Rebranding Trinity College Dublin
Sir, – Your Education Correspondent (April 9th) could not have been more ineptly informed about the provost’s response to the discussions on Trinity’s name and coat of arms.
The discussions were initiated by the provost and board on Friday last at an open college meeting. Your paper reported accurately that I spoke in favour of retaining and standardising the coat of arms and the name, Trinity College Dublin, in our documents. Where appropriate we can substitute the frequently used abbreviations, Trinity, or Trinity College or TCD.
Trinity is the essence of our name, as meaningful for us as Imperial, or Harvard, or Cambridge, or Karolinska, or MIT or ETH or Caltech, is for those institutions. The fact that few of your readers have heard of ETH or Caltech (my second alma mater) does not matter to the great Swiss Institute of Technology or to the magical California Institute of Technology. Those who need to know do know, and they know why they know.
I was at the scholars’ dinner on Monday where I heard the best provost’s speech of that annual occasion for more than a decade, for which the provost received warm and prolonged applause. Those of us who were among the strongest critics of the mooted changes stood the longest and applauded most sincerely. In a fine address, after thanking David Berman for his memorial discourse on the philosopher AA Luce, welcoming the scholars of the decade (two from 1944), and congratulating the new scholars and fellows, he spoke at length on the name and coat of arms, saying to us all that he and the board would take stock of the points raised in the discussions. His language was Trinity language and, while I await further developments, I do not expect the board to make changes that will detract in any way from the value and meaning of our coat of arms and our name. I heard no heckling at the dinner – there may have been some banter at the back of the hall but one happy scholar does not make a summer.
We are the University of Dublin and while this legal fact may be valuable in certain circumstances, our task is to enhance the awareness and reputation of Trinity. That reputation depends on many factors, but most of all on our 420-year record, our graduates and on our current staff and students.

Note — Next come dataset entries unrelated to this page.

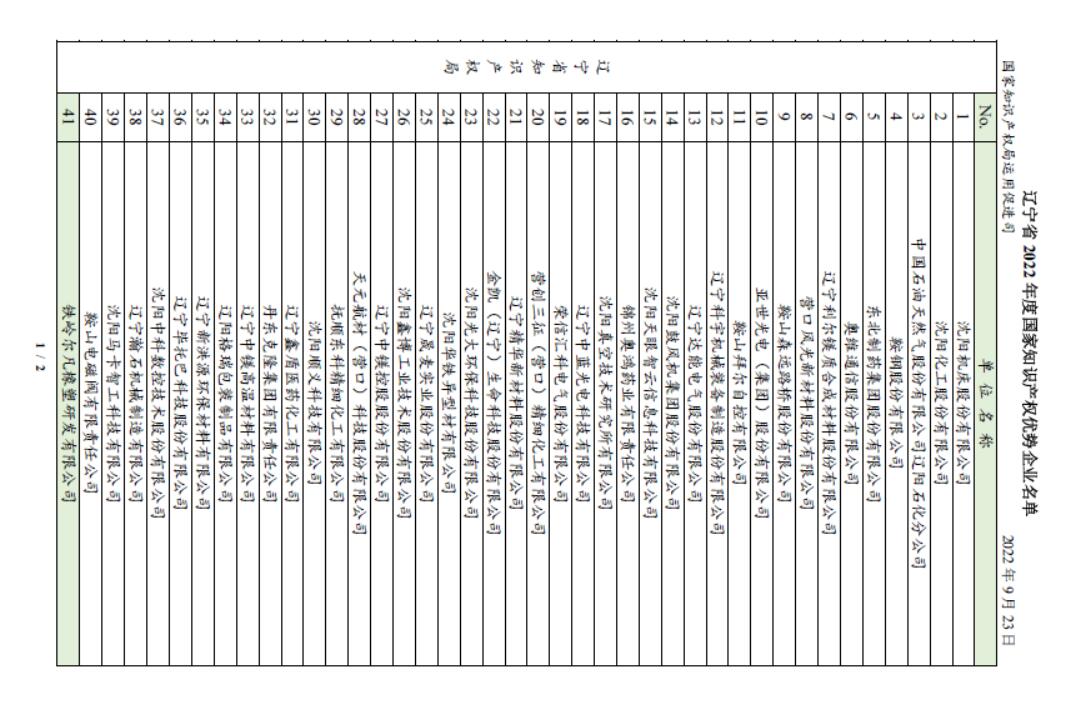 喜報!恭賀我司獲得2022年度國家知識產(chǎn)權優(yōu)勢企業(yè)名號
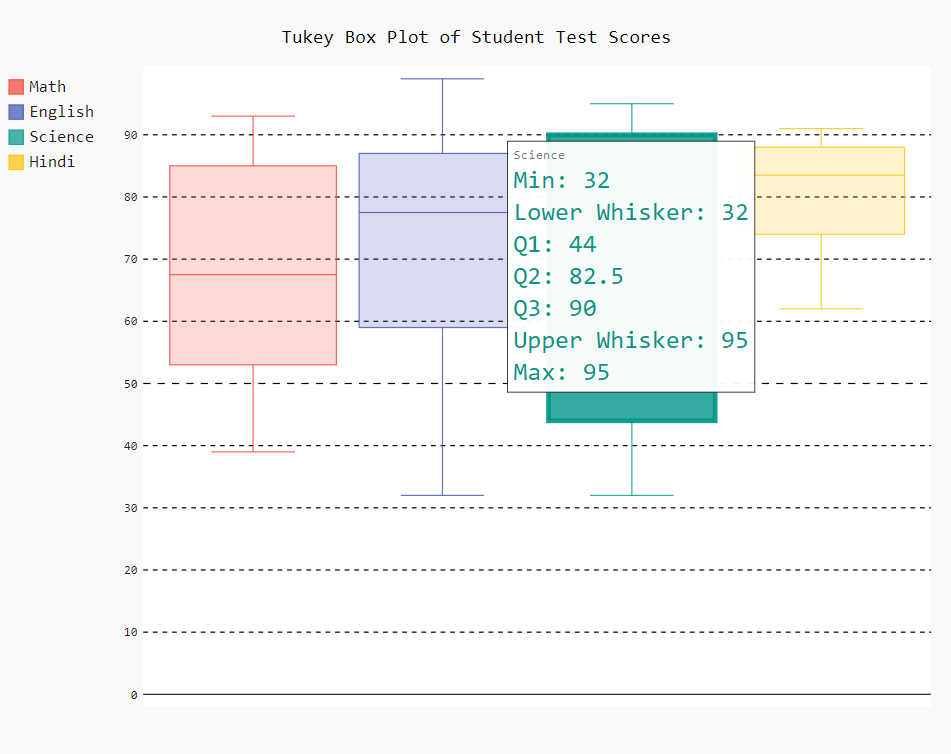 Create Box Plot in Pygal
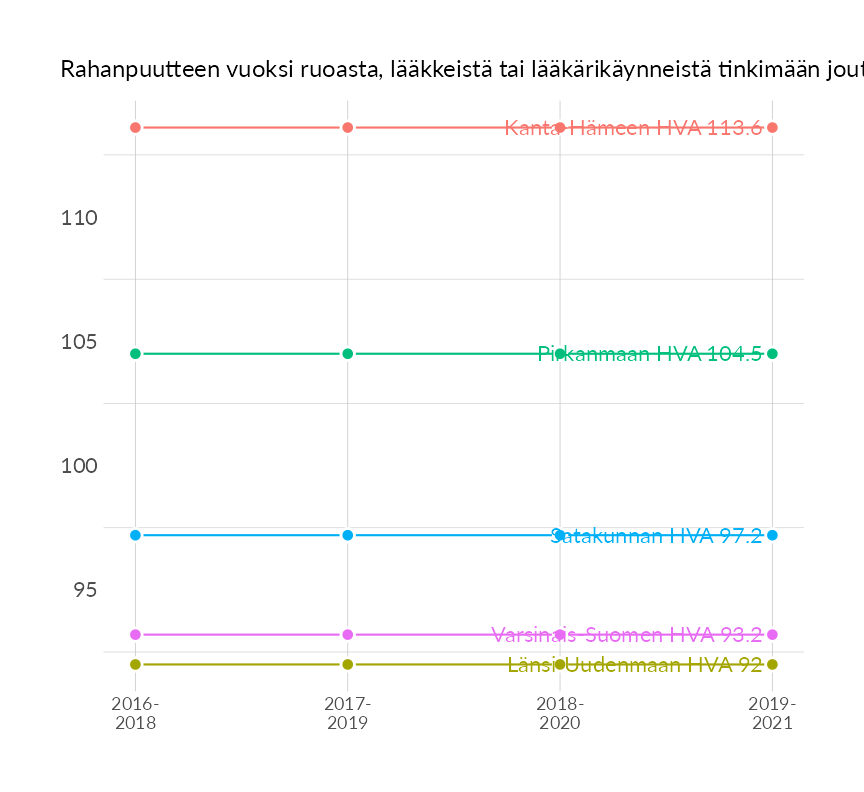 Karttoja ja aikasarjakuvioita huono-osaisuuden eri osoittimista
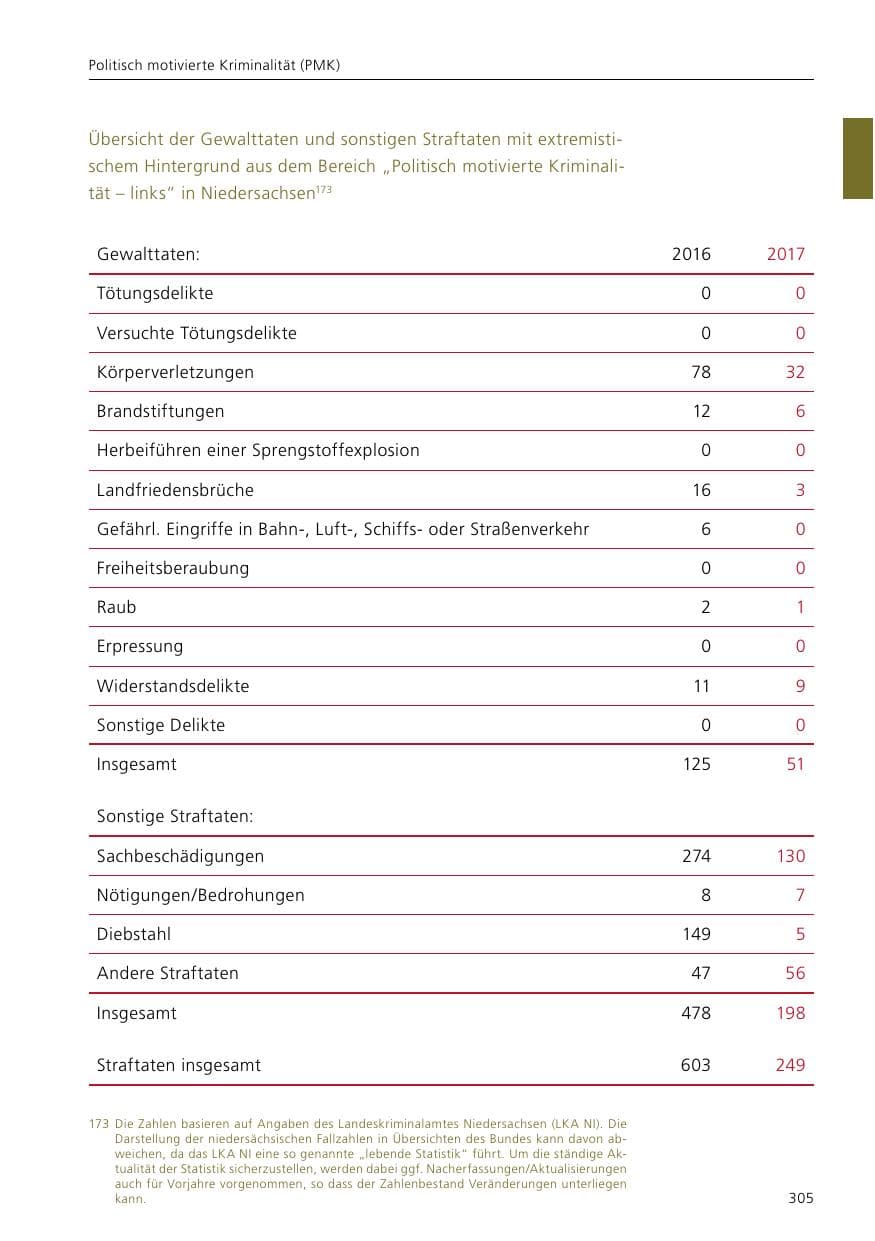 Seite 307 des Verfassungsschutzbericht 2017 Niedersachsen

More than half of the 14 new fellows are not Irish. Many of our new scholars do not have recognisably Irish names. These academics and their successors, some among the new scholars, are the future of Trinity, and would not have come to Trinity Light. I hope Irish people will be pleased that Trinity ranks overall 30th in the world in the Times Higher Education Top 100 Most International Universities (2014) and overall 61st in the World in Research Influence (Citations) among the Top 200 Universities. A large question is whether the Government will realise and foster the global status and long-term potential of Trinity.